## Brief
In the answer, every entry must appear exactly as given.

## Data for review
________________
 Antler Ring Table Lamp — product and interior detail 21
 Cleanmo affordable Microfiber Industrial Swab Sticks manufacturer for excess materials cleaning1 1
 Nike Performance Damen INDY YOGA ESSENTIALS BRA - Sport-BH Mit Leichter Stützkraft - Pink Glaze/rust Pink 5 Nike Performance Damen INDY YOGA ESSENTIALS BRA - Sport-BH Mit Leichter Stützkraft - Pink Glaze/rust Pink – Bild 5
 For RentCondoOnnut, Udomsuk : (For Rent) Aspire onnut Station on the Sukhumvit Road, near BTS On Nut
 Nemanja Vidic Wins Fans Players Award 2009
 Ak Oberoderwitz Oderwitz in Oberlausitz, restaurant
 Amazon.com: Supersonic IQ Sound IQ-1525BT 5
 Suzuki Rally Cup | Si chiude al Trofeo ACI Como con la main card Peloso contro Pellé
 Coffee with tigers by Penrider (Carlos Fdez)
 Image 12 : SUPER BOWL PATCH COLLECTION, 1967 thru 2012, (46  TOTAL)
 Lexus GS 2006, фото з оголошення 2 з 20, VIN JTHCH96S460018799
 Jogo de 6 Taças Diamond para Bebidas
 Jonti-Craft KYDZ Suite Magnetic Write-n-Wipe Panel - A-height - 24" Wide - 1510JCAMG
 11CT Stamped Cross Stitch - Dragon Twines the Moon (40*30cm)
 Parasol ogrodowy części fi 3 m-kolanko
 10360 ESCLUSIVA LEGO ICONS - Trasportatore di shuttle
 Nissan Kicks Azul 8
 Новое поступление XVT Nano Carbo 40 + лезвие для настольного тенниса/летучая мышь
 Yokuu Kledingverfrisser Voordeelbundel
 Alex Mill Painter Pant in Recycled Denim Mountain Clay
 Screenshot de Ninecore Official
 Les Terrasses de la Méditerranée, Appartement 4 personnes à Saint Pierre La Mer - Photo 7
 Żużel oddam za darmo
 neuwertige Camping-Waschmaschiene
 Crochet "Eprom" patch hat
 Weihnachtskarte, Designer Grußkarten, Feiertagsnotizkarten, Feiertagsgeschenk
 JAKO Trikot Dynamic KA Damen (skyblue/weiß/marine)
________________
## Finished task
 Antler Ring Table Lamp — product and interior detail 21
 Cleanmo affordable Microfiber Industrial Swab Sticks manufacturer for excess materials cleaning1 1
 Nike Performance Damen INDY YOGA ESSENTIALS BRA - Sport-BH Mit Leichter Stützkraft - Pink Glaze/rust Pink 5 Nike Performance Damen INDY YOGA ESSENTIALS BRA - Sport-BH Mit Leichter Stützkraft - Pink Glaze/rust Pink – Bild 5
 For RentCondoOnnut, Udomsuk : (For Rent) Aspire onnut Station on the Sukhumvit Road, near BTS On Nut
 Nemanja Vidic Wins Fans Players Award 2009
 Ak Oberoderwitz Oderwitz in Oberlausitz, restaurant
 Amazon.com: Supersonic IQ Sound IQ-1525BT 5
 Suzuki Rally Cup | Si chiude al Trofeo ACI Como con la main card Peloso contro Pellé
 Coffee with tigers by Penrider (Carlos Fdez)
 Image 12 : SUPER BOWL PATCH COLLECTION, 1967 thru 2012, (46  TOTAL)
 Lexus GS 2006, фото з оголошення 2 з 20, VIN JTHCH96S460018799
 Jogo de 6 Taças Diamond para Bebidas
 Jonti-Craft KYDZ Suite Magnetic Write-n-Wipe Panel - A-height - 24" Wide - 1510JCAMG
 11CT Stamped Cross Stitch - Dragon Twines the Moon (40*30cm)
 Parasol ogrodowy części fi 3 m-kolanko
 10360 ESCLUSIVA LEGO ICONS - Trasportatore di shuttle
 Nissan Kicks Azul 8
 Новое поступление XVT Nano Carbo 40 + лезвие для настольного тенниса/летучая мышь
 Yokuu Kledingverfrisser Voordeelbundel
 Alex Mill Painter Pant in Recycled Denim Mountain Clay
 Screenshot de Ninecore Official
 Les Terrasses de la Méditerranée, Appartement 4 personnes à Saint Pierre La Mer - Photo 7
 Żużel oddam za darmo
 neuwertige Camping-Waschmaschiene
 Crochet "Eprom" patch hat
 Weihnachtskarte, Designer Grußkarten, Feiertagsnotizkarten, Feiertagsgeschenk
 JAKO Trikot Dynamic KA Damen (skyblue/weiß/marine)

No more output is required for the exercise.